Born 30 November 1888 at Alwent Hall, ‘Barney’ Robson was the eighth child of Anthony Robson, a farmer, and his wife Elizabeth. The family would later move to Catcote Farm near Hartlepool. While most of his siblings remained at home to help work the farms, his eldest brother, John Ernest Robson, fought in the Second Boer War, a Sergeant in the 55th (Northumberland) Company Imperial Yeomanry, and died of wounds at Elandsfontein, 1 October 1900. Robert also left the home farm to attend Bede College 1909-1911, attaining his Certificate in July 1911 with a distinction in Mathematics, and Latin as his optional subject: he went on to teach as an Assistant Master at Middleton Council School in Hartlepool. He was a noted sportsman, playing rugby (a forward) and captaining the college Boating team, memorably being part of the 1910 crew that first won the Grand Challenge cup at the Regatta for the college. He also played rugby for Hartlepool Rovers Football Club and County Durham, and cricket for Hartlepool Cricket Club. At the start of the war he entered 1/8th D.L.I. as a Private, and had been promoted to Lance Corporal by the time the Battalion was ordered up to Gravenstafel Ridge as part of the Second Battle of Ypres on 24 April 1915. 1/8th DLI had entered France only five days before, and Robson was among that half of the battalion ordered to reinforce a front line defensive position at Boetleer Farm, north east of Ypres. The human cost of the battle can be gauged by the number of Bede men found in the Register over this period. By all accounts Robson fought with distinction, several comrades writing home about his actions:
"Corporal Wilson and Lance Corporal R. H. Robson went from a part of the line where the fighting was not so fierce to the place where it was thickest, and within a very short space of time both came back wounded. Poor Robson lay down and said 'Ah, well, lads, we have done our bit. Give it them hot.' I don't know what afterwards became of him."

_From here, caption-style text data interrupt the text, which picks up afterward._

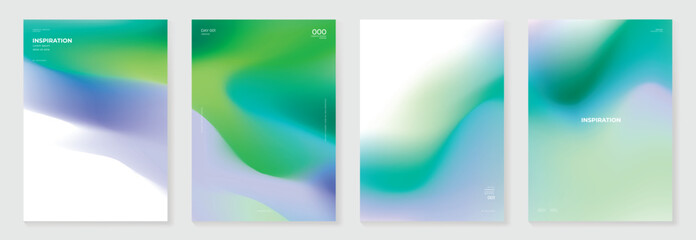 Aufkleber - Modern gradient poster background vector set. Cover template with vibrant gradient mesh. Ideal design for social media, cover, banner, flyer. 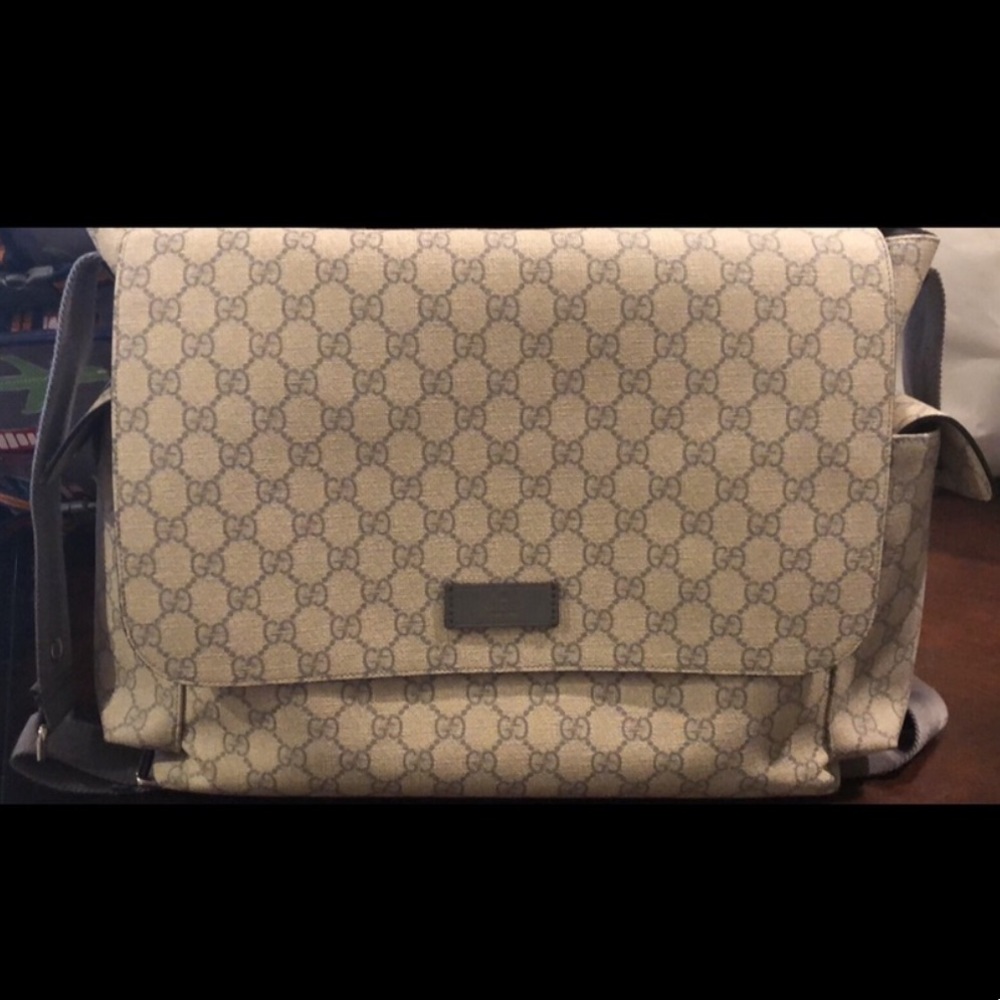 Gucci diaper bag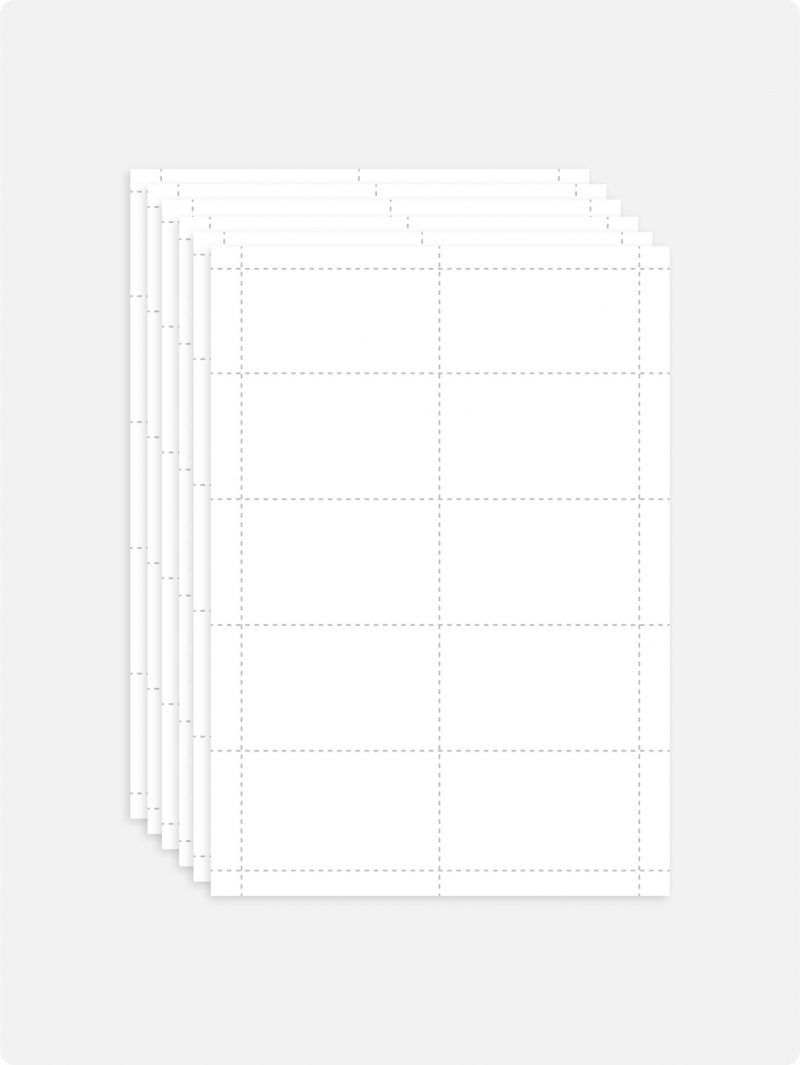 Credit Card Size Printable Paper Badge Inserts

Unattributed letter, 7 May 1915, quoted in The Bede magazine, June 1915.
"It must have been about [five] that the German infantry made their first attack some little distance to our left. At this time a machine-gun in this sector became very short of men, and Barney Robson along with two others volunteered to fill the vacancies. Shortly afterwards he returned badly wounded, but after being bandaged he returned to the gun, and it was only when seven wounds had been inflicted on him that he gave up. Unfortunately he was taken prisoner and died at Roulers - and thus did not get the decoration he so richly deserved."
From 'Our Baptism of Fire' by T. S[hepherd, 8th DLI], published in The Bede magazine, December 1917.
W. G. Graham, a college prefect contemporary of Robson’s, wrote of him as the “bravest … who gave his life to cheer up a few weary and worn out Canadians. He was a hero if ever there was one.” (Graham himself would be killed in action a month later.) That Robson survived his capture is clear, as he wrote a postcard to his parents from Roulers, (or Roeselare): either he minimised his injuries so as not to alarm them, or he was not fully aware of their gravity. The Northern Daily Mail reported on 28 May that a nursing sister at the Redemptoust Convent at Roeselare informed his parents that “he took a turn for the worse and for the last few days was delirious. The wound in the back was very bad”. An account by an escaped prisoner of war, Lance Corporal J. Thomas of 1/8th DLI, captured in the same engagement, was published in The Bede magazine in June 1916 and provides some interesting details of the moments of capture and the conditions of their imprisonment and care in the following days.
Robson was buried in a German cemetery at Roeselare. Like C. S. Hall above, who also died of wounds as a prisoner of war, the location of his grave was later lost and he is memorialized at Roeselare Communal Cemetery, Belgium. A plaque was erected by his parents commemorating both his and his eldest brother’s sacrifice, at All Saints’ Church, Stranton; and his name is also recorded on another plaque in the same church. His name is honoured on the Bede College 1914-1918 Cross, Plaque, and Roll of Honour, and at Hartlepool Rugby Football Club.